HGNC Approved Gene Symbol: FGF17
Cytogenetic location: 8p21.3 Genomic coordinates (GRCh38) : 8:22,039,672-22,048,809 (from NCBI)
| Location | Phenotype |
Phenotype MIM number |
Inheritance |
Phenotype mapping key |
|---|---|---|---|---|
| 8p21.3 | Hypogonadotropic hypogonadism 20 with or without anosmia | 615270 | Autosomal dominant | 3 |
Fibroblast growth factors (FGFs), such as FGF17, are growth factors and oncogenes that contain a conserved, approximately 120-amino acid core. Individual FGFs play important roles in embryonic development, cell growth, morphogenesis, tissue repair, inflammation, angiogenesis, and tumor growth and invasion (Hoshikawa et al., 1998).
Hoshikawa et al. (1998) isolated human, mouse, and rat cDNAs encoding a novel member of the FGF family, FGF17. The deduced 216-amino acid human FGF17 protein is 98.6% identical to the mouse and rat Fgf17 proteins, which are identical. Among known FGF family members, the FGF17 protein is most similar to FGF8 (600483). FGF17 contains a typical hydrophobic signal sequence at its N terminus, and the authors demonstrated that recombinant rat Fgf17 can be efficiently secreted by High Five insect cells. PCR analysis of rat adult tissues detected Fgf17 expression in all tissues examined. In rat 14.5-day embryos, in situ hybridization showed highest Fgf17 expression in the isthmus cerebellar and septum neuroepithelia of the brain.

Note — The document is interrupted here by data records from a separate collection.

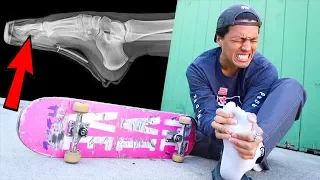 MY MOST SERIOUS SKATE INJURY YET!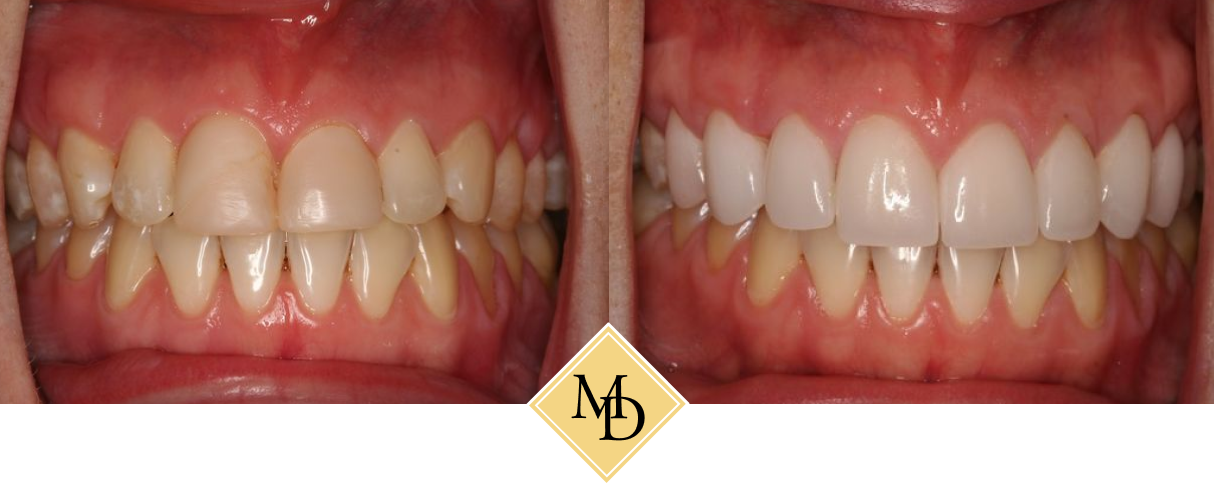Before and after gum lift and veneers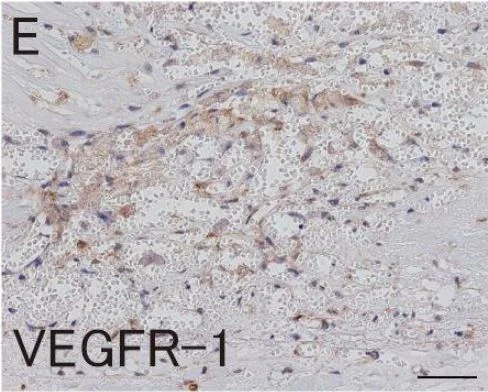Immunohistochemistry (Formalin/PFA-fixed paraffin-embedded sections) - Anti-VEGF Receptor 1 antibody [Y103] - Low endotoxin, Azide free (AB184784)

Using RT-PCR, Krejci et al. (2007) detected expression of several FGF genes in femoral growth plate cartilage from 20- to 28-week gestation fetuses; however, only FGF1 (131220), FGF2 (134920), FGF17, and FGF19 (603891) proteins were expressed at detectable levels. Immunohistochemical analysis showed that FGF17 and FGF19 were uniformly expressed throughout the growth plate. In contrast, FGF1 was expressed only in the proliferative and hypertrophic zones, and FGF2 was expressed only in the proliferative and resting zones.

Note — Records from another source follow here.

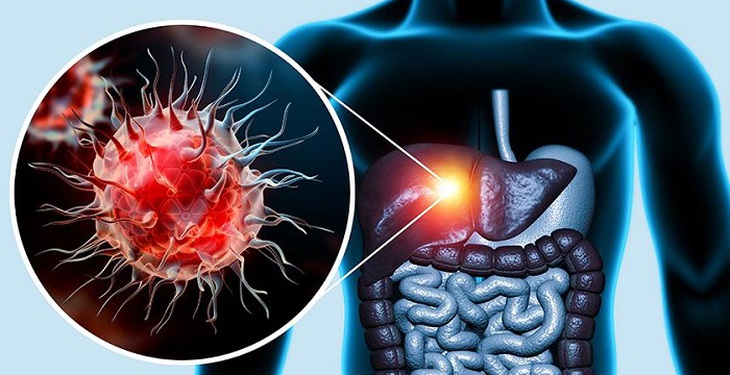 3 điều cần biết về ung thư gan- Ảnh 1.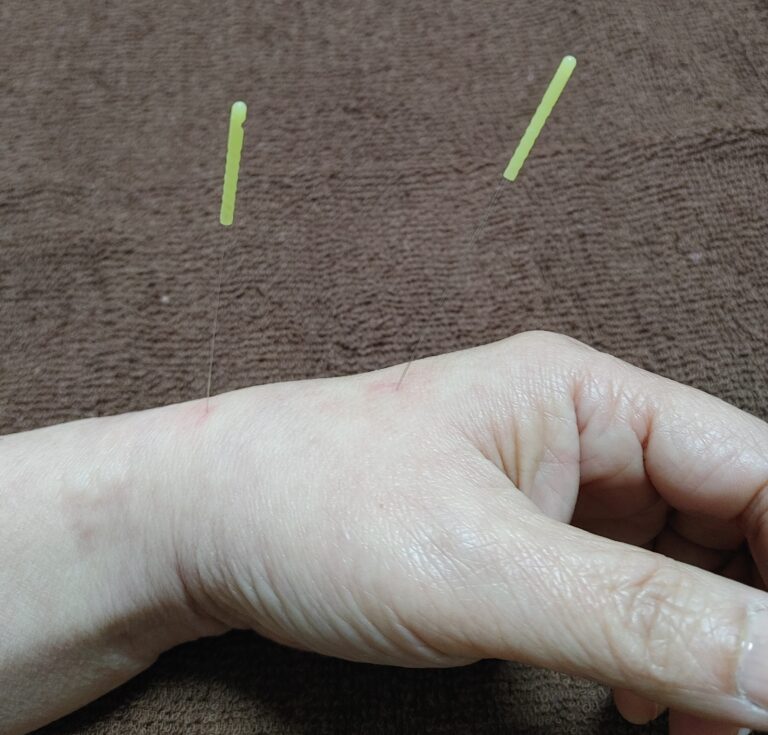 鍼って痛い？こわい？ | 美容鍼 マッサージ鍼灸院 すまいる すとれーじ とも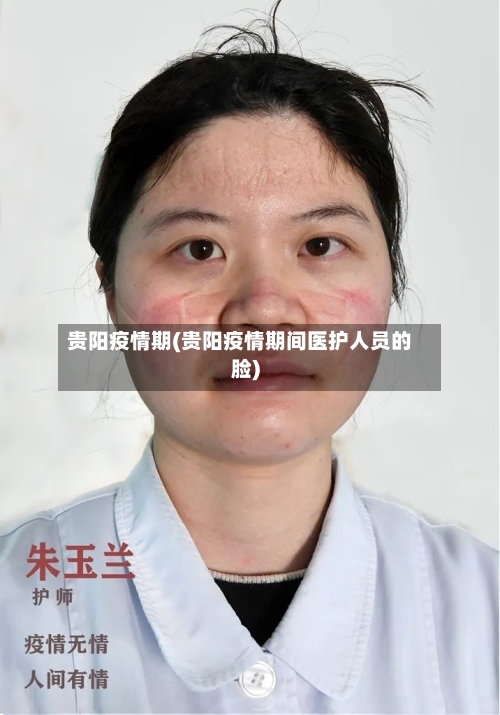 贵阳疫情期(贵阳疫情期间医护人员的脸)-第2张图片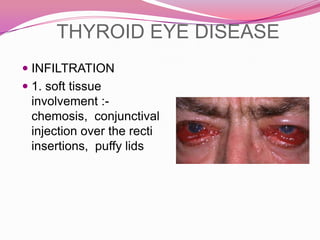 HyperthyrodismClinical features: due toHypermetabolic state Overactivity of sympathetic nervous system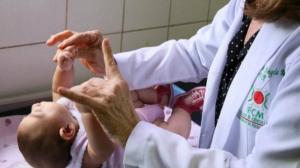 ZIKA: 2 candidats vaccins pour une immunité neurologique chez le nouveau-né – EBioMedicine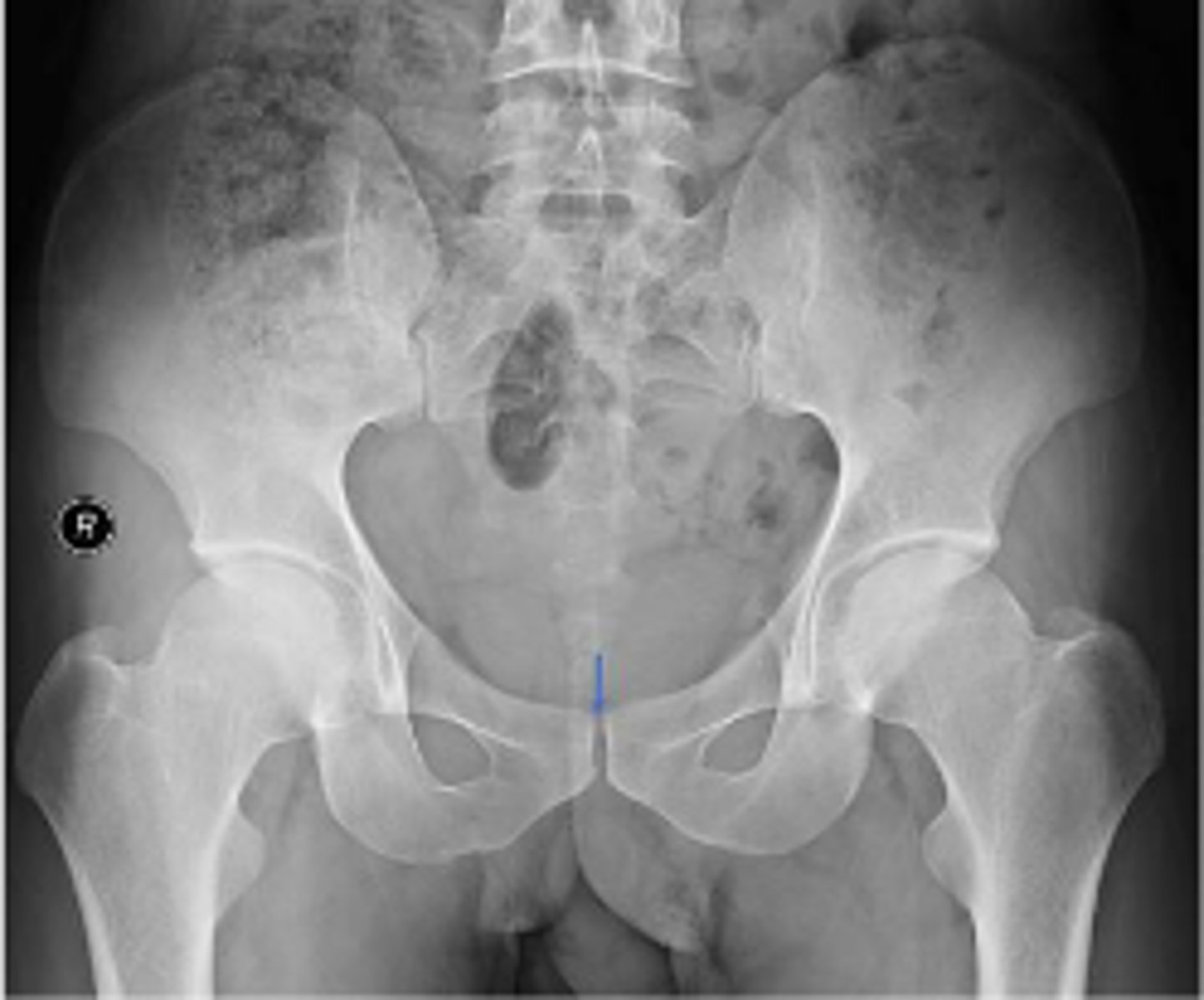 <p>What joint space is the arrow pointing to?</p>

To link FGF17 to GnRH (see 152760) biology, Miraoui et al. (2013) examined Fgf17 expression in the nasal cavity of mouse embryos at embryonic day 10.5, when GnRH neuron fate specification occurs. Fgf17 was robustly expressed in regions where Fgf8 is known to be highly expressed: the commissural plate, the midbrain-hindbrain junction, and the medial olfactory placode, where GnRH neurons emerge. Miraoui et al. (2013) noted that there was hardly any Fgf17 expression in Fgf8 hypomorphic mice, suggesting that FGF17 should be considered a member of the FGF8 synexpression group.
Using the Cre/loxP system, Sun et al. (2000) found that maintenance of Fgf9 (600921) and Fgf17 expression is dependent on Shh (600725), whereas Fgf8 expression is not. Sun et al. (2000) developed a model in which no individual Fgf expressed in the apical ectodermal ridge is solely necessary to maintain Shh expression, but instead the combined activity of 2 or more apical ectodermal ridge Fgfs function in a positive feedback loop with Shh to control limb development.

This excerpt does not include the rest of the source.